Para levantar a cabeça, ouvi rap e prometi não dormir mais antes da aula. Eu acordava às 5h30, trabalhava das 6h às 15h, estudava e chegava em casa depois da meia-noite. Foi assim o ano inteiro, mas valeu a pena.

UNIVERSIDADE
Entrar na USP mudou minha vida. Ninguém imagina o que é entrar na universidade pública quando você vem da periferia. É um outro mundo, muitas portas se abrem.
A escolha pelo direito eu fiz no cursinho. Estava em dúvida, porque gostava muito de engenharia mecânica, mas a militância política direcionou minha opção.

Busquei o direito porque achava que poderia ajudar a transformar a sociedade.
Na faculdade, eu me sentia um estranho no ninho, eu tinha preconceito e também sofria preconceito, mas aos poucos fui me enturmando.
A minha turma quis se dar um nome. A gente formou o “100% Favela”, com camiseta e tudo. Não eram todos da favela, só alguns, mas aquilo era legal, era uma provocação para a galera mais esnobe da faculdade. Minha ideia era politizar todo mundo.

Na vida acadêmica, me envolvi com política estudantil e trabalhei assessorando movimento de moradia. Trabalhei com José Eduardo Cardozo, que era vereador [pelo PT] naquela época [agora escolhido para ser ministro da Justiça no governo Dilma].
Ao sair da faculdade, tentei advogar, mas foi um desastre. Eu só advogava para gente pobre e acabava pagando para trabalhar.

Em 2005, voltei para Brasília, onde tudo começou. Quem me chamou foi o Pierpaolo [Bottini], quando virou secretário da Reforma do Judiciário. A gente se conheceu na faculdade, atuando no movimento de moradia.
Assumi o Departamento de Política Judiciária, depois a sub-chefia para Assuntos Jurídicos da Casa Civil e, agora, a Secretaria Nacional da Reforma o Judiciário.
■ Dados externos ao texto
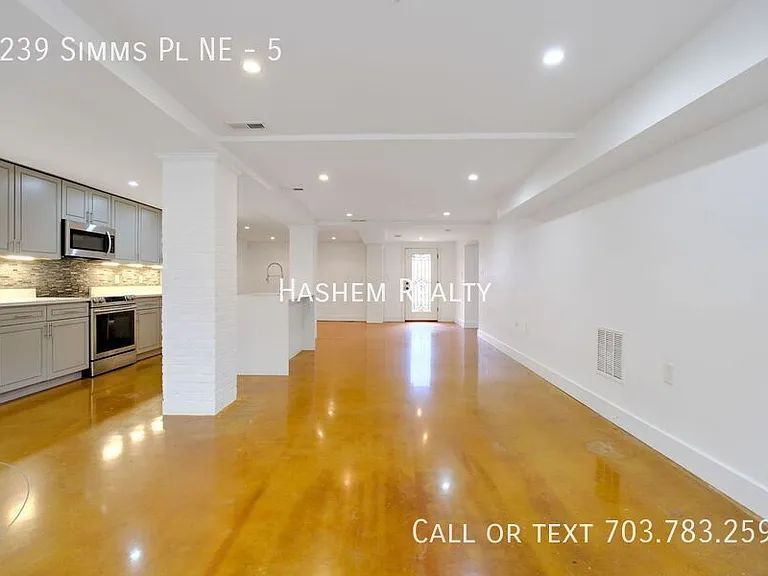 1239 Simms Pl NE #5 — Photo 6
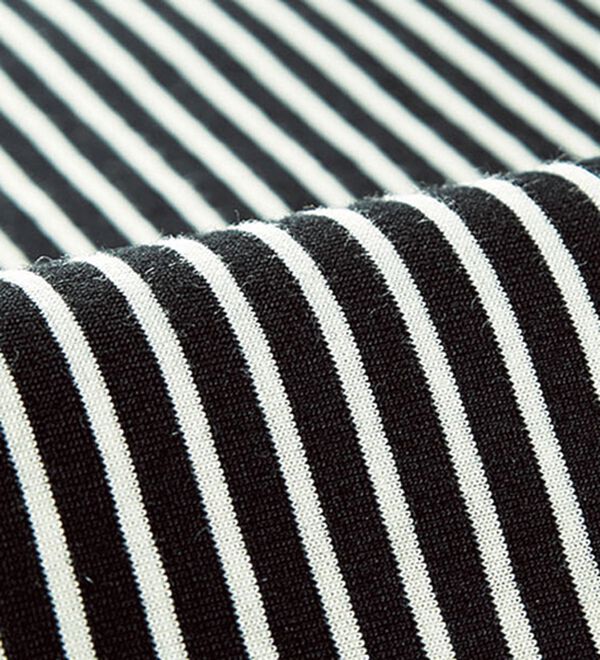 BELLUNA（ベルーナ）の「ゆったり体型カバー！ボーダープルオーバー（カットソー）」｜詳細画像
O grande objetivo é aproveitar a experiência que eu tive na Casa Civil e aproximar a política de acesso à Justiça das demais políticas sociais.
A minha história me permite entender o sofrimento das pessoas com pouco dinheiro e compreender que toda política pública precisa levar os mais pobres em consideração. A vida de quem está na pobreza é muito difícil. Quem nasceu com dinheiro nem imagina quanto é difícil.